Besides the above monitoring activities, 24×7 operational security monitoring is provided by a third party. Security-related alerts and security infrastructure logs are forwarded in real time to the service provider for analysis and response. Remgro (supported by the incumbent primary technology service provider) remains accountable for incident response management. Risks related to Remgro’s external digital footprint are also observed and addressed through cyber threat intelligence and digital risk protection services.
Third parties play a significant role in supporting Remgro‘s T&I systems. The maturity of third-party risk management is increasing, and supply chain risks are well understood. Supplier performance and supplier risk profiles are subject to initial and periodic monitoring, with more frequent oversight for key suppliers.
Legal compliance
The Board, as part of its ethical leadership commitment, approved a Legal Compliance Policy and confirmed that there are sufficient management capacity and controls in place to ensure compliance with all relevant laws and salient industry practices.
The administration of the Legal Compliance System is vested in an official with the appropriate legal qualifications. Members of senior management of the Company are informed on a regular basis of all relevant new legislation and amendments.

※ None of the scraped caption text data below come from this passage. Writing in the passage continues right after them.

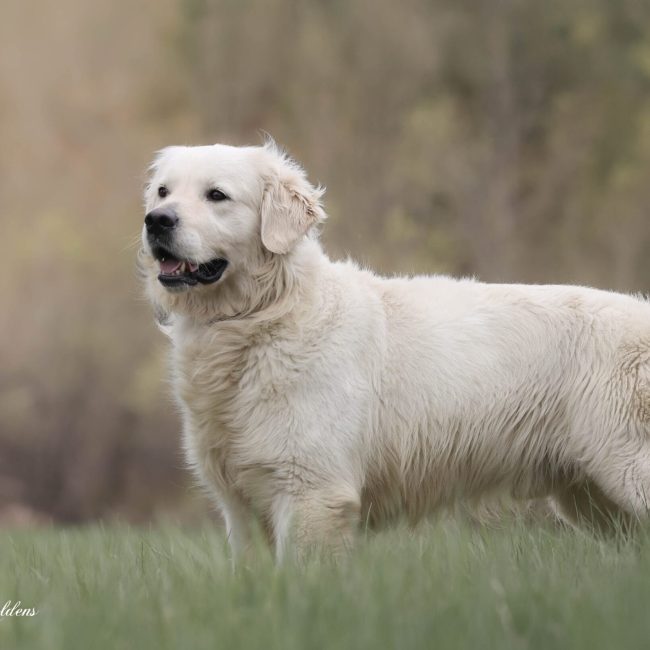 Freddy AKC Golden Retriever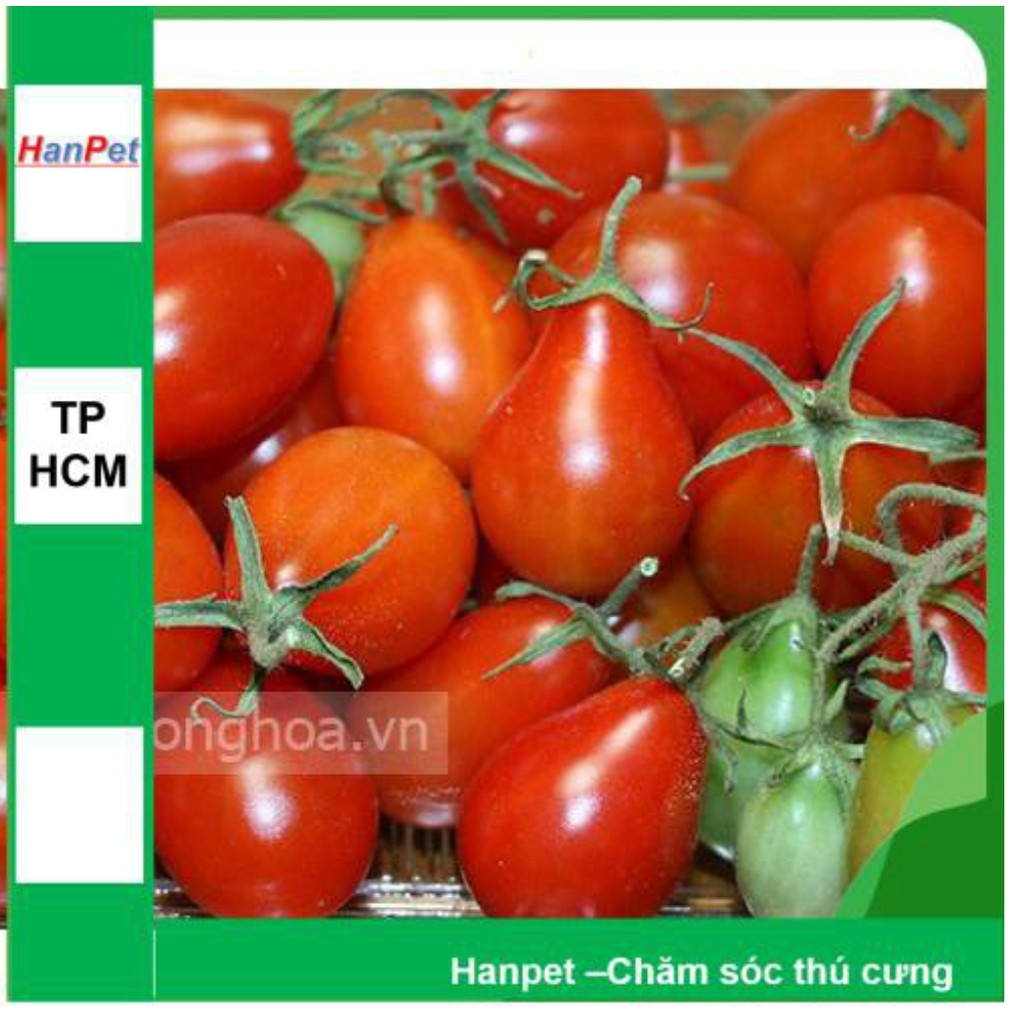 HN-(VƯỜN TRONG NHÀ) Hạt giống Cà chua hình lê (loại dài màu đỏ) Combo 30 hạt phù hợp khí hậu nhiệt đới-HP1002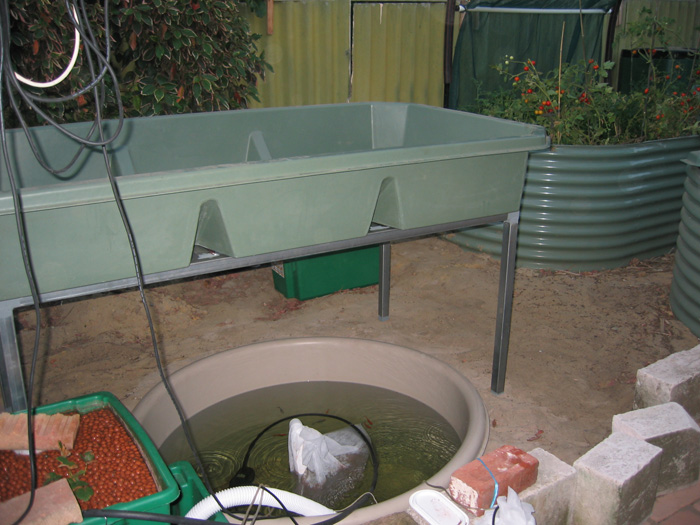 From little beginnings.jpg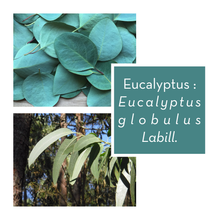 Charger l&#39;image dans la galerie, EUCALYPTUS - Feuille coupée

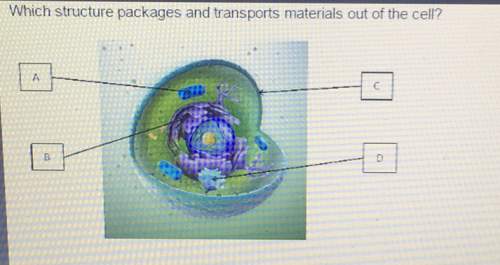 Which structure packages and transports materials out of the cell?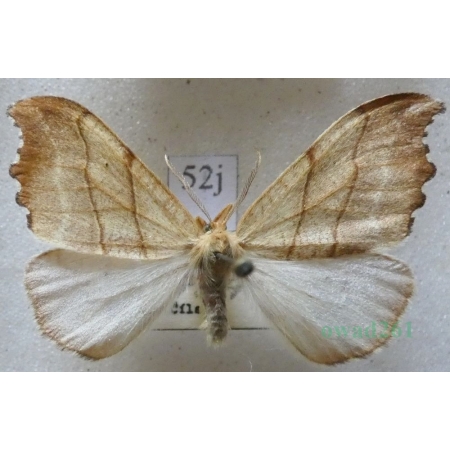 Falcaria lacertinaria (Linnaeus, 1758) male Wycinka jaszczurówka Czech52j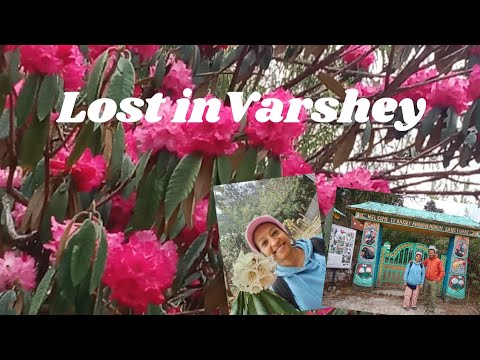 Lost in Varshey - the adventure begins..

Compliance controls also vest with senior management who are required to report to the Social and Ethics Committee on a regular basis regarding their compliance using a control self-assessment methodology. This process is incorporated into the annual combined assurance plan. The outcomes of compliance assessments are reported to the Board via the ROC and no incidents of non-compliance or fines incurred due to non-compliance were recorded.
The ROC and Operational ESG Committee also guide and monitor compliance with current and emerging global and local ESG and sustainability standards and guidelines, both voluntary and mandatory.